What is needed
Once you find the line with "热销 高速背心袋制袋机印刷袋单层双道WT-400X2电脑高速制袋机" in the data below, transcribe exactly each line from there to the line with "Mein Buch individuelle", inclusive, and nothing else. Drop the pictures.

The input
========================================================================
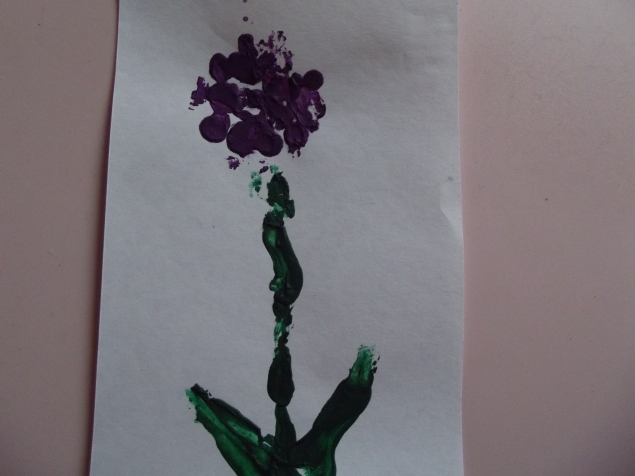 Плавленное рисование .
========================================================================
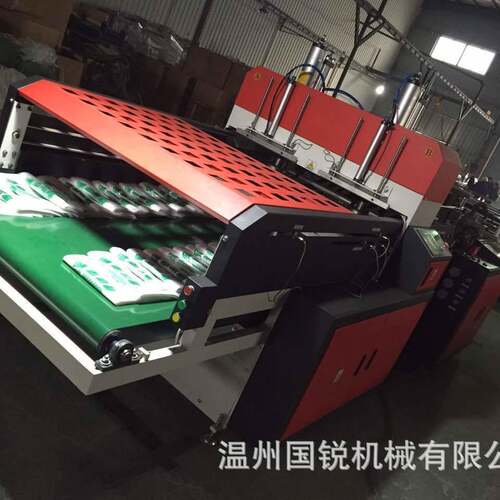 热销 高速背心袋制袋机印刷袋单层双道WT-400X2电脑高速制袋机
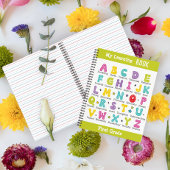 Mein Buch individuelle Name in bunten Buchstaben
========================================================================
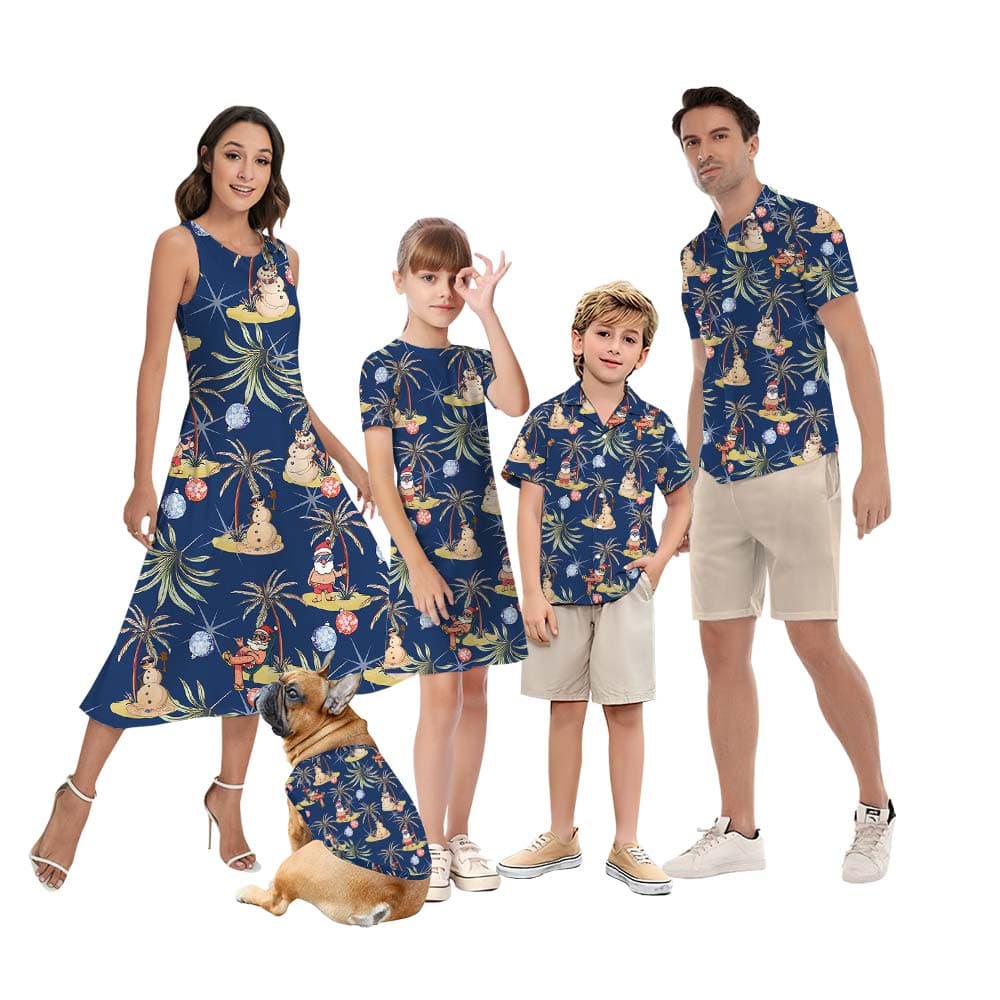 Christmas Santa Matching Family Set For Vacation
========================================================================
Solution to the exercise
 热销 高速背心袋制袋机印刷袋单层双道WT-400X2电脑高速制袋机
 Mein Buch individuelle Name in bunten Buchstaben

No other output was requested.